- **Work task**
Your answer must be a word-for-word copy of the listing, with all pictures excluded.

- **Available data**
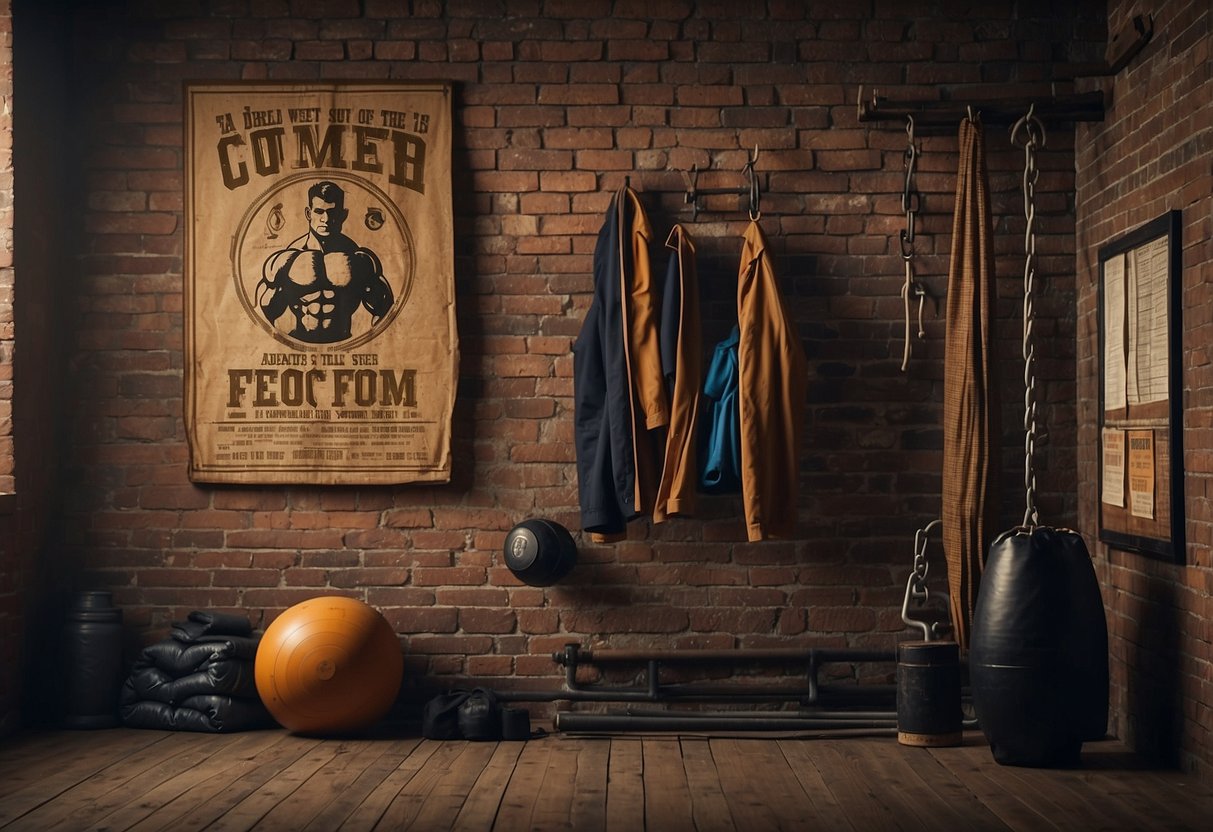 A vintage gym poster hangs on a brick wall, surrounded by old-school workout equipment and a worn leather punching bag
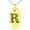 Gold, variant on Stainless Steel Letter R Initial Dotted Monogram Engraved Small Oval Charm Pendant Necklace
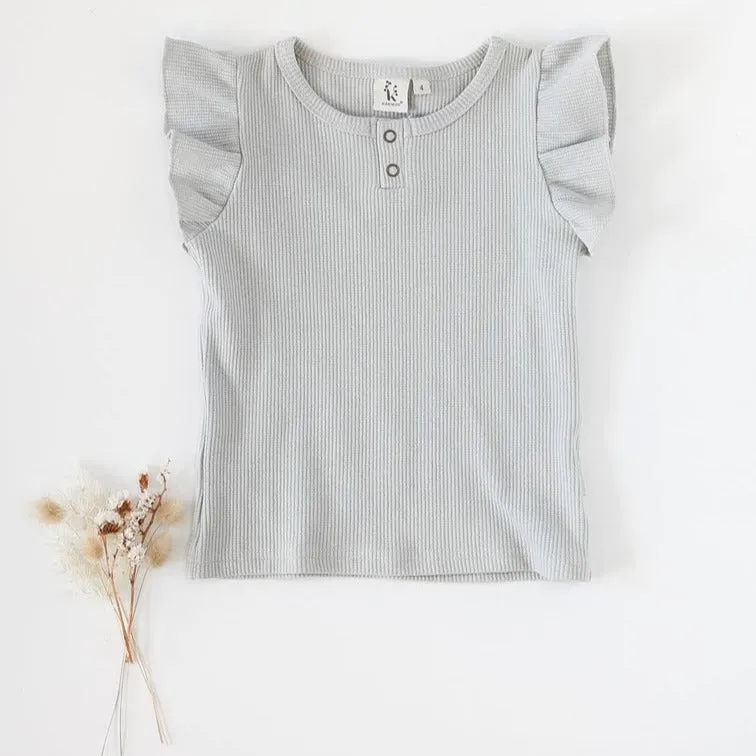 Keira Flutter Sleeve Waffle Top - Sky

- **Your response**
 A vintage gym poster hangs on a brick wall, surrounded by old-school workout equipment and a worn leather punching bag
 Gold, variant on Stainless Steel Letter R Initial Dotted Monogram Engraved Small Oval Charm Pendant Necklace
 Keira Flutter Sleeve Waffle Top - Sky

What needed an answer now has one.